Savcılığa suç duyursunda da bulunacağını da belirten Sevim, "Rahatsızlanınca eşimi Denizli Devlet Hastanesi'ne götürdüm. Doktor, 'Eşiniz naz yapıyor' diyerek, bizi eve gönderdi. Sabahında da eşimi yatağında hareketsiz buldum. Evde, ambulansta ve hastanede üç kez duran kalbi tekrar çalıştırıldı ancak beyin kanamasından öldü" dedi.
Yaklaşık üç yıl önce Sarayköy'de yaşayan ilk eşinden boşanan Perihan Sevim, mermer işçisi Hüsamettin Sevim ile kaçarak evlendi. Çiftin bu evlilikten ikinci bebekleri 20 gün önce dünyaya geldi. Çocuğunu doyasıya kucağına alamayan genç kadın, geçen 21 Mart'ta evlerinde baygın bulunup, ambulansla Denizli Devlet Hastanesi'ne kaldırıldı. Beyin kanaması teşhisi konulup, yoğun bakıma alınan kadının önceki gün (Salı) beyin ölümü gerçekleşti. Sevim'in kolunda morluk ve başında da darp olduğu gerekçesiyle durumu şüpheli bulununca savcılık soruşturma başlattı. Bu arada Sevim'in İzmir'de yaşayan babası Ali Kaya kızının organlarını bağışladı. Gece İzmir Ege Üniversitesi Hastanesi ile Antalya Akdeniz Üniversitesi Hastanesi'nden gelen iki ayrı ekip, Sevim'in iki böbreği ile karaciğerini aldı. Karaciğer, Akdeniz Üniversitesi Hastanesi'ne, iki böbrek ise Ege Üniversitesi Hastanesi'ne götürülüp, uygun hastalara nakledildi.
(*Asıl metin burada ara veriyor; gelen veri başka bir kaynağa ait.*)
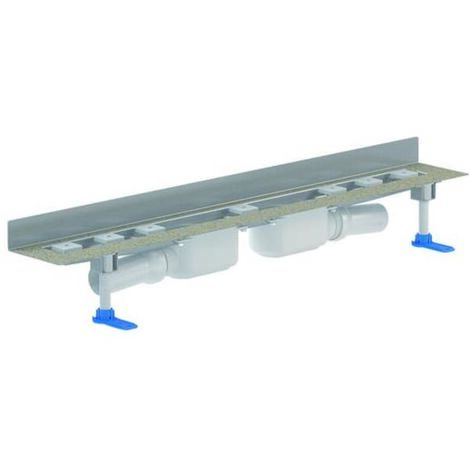DALLMER caniveau de douche CeraLine PLAN 2 caniveaux, L 800mm, DN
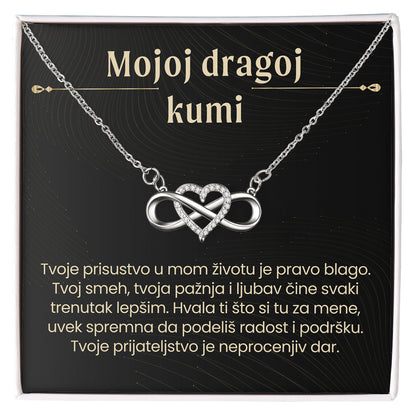 Mojoj dragoj kumi – Posveta sa lančićem za kumu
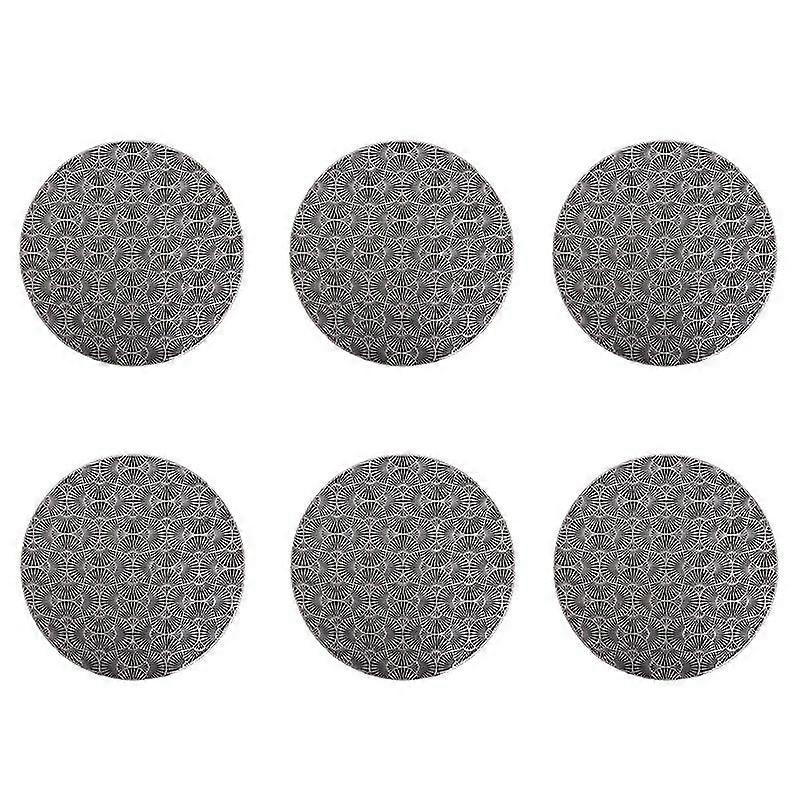 Round Placemats For Dinner Table Set Of 6,mats Table Decor Silver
Organların alınmasının ardından Sevim'in cesedi kesin ölüm nedeni belirlenmesi için Pamukkale Üniversitesi Hastanesi Adli Tıp Kurumu'na gönderildi. Otopsi sonucu Sevim'in yüksek şekere bağlı aşırı tansiyon yükselmesi nedeniyle beyin kanamasından yaşamını yitirdiği, kayınpederinin iddia ettiği gibi eşi tarafından darp edilmediği belirlendi. Organlarıyla 3 kişiyi hayata bağlayan Sevim'in cenazesi dün (Çarşamba) Sarayköy ilçesinde toprağa verildi. Acılı baba Ali Kaya kızını damadının dövdüğünü, bu nedenle ölmüş olabileceğini söyledi.
DOKTOR İHMALİ İDDİASI
Mermer işçisi Hüsamettin Sevim, iki yıllık eşini darp etmediğini, ailesiyle görüşmediği için böyle bir suçlamayla karşı karşıya kaldığını söyledi. Eşinin doktor ihmali yüzünden beyin kanaması geçirdiğini iddia eden Sevim, "Cumartesi gecesi saat 01.00'de rahatsızlanınca eşimi Denizli Devlet Hastanesi'ne götürdüm. Hastaneye gittiğimizde eşim baygın haldeydi. Acil Servis'te muayene eden doktor, 'Eşinin hiçbir şeyi yok. Sana naz yapıyor. Götürebilirsin, fazla üzerine gitme' diyerek, eve gönderdi. Evde dönüp, uyuduk. Saat 09.00'da kendisini uyandırmak istedim ama hiç bir tepki vermedi. Ellerinde morluklar vardı hemen ambulans çağırdım. Eşimin kalbi durmuş. Kalp masajı yaparak tekrar hayata döndürdüler. Hastaneye giderken yolda yine kalbi durdu. Yine kalp masajı yaparak hayat döndürdüler. Denizli Devlet Hastanesi'ne vardığımızda tomografiye giderken üçüncü kez kalbi durdu. Bir kez daha duran kalbi çalıştırıldı ancak beyin kanaması geçirmiş. Yoğun bakıma alındı. Gece gittiğimizde doktor daha iyi ilgilenip müşahede altına alsaydı, eşim yaşıyor olacaktı. Doktor hakkında Sağlık Bakanlığı'na şikayette bulundum. Ayrıca savcılığa da suç duyurusunda bulunacağım" dedi.
Eşinin organ bağış belgesini kendisinin de imzaladığını belirten Sevim, tedavisi boyunca da hastanede yanında olduğunu söyledi.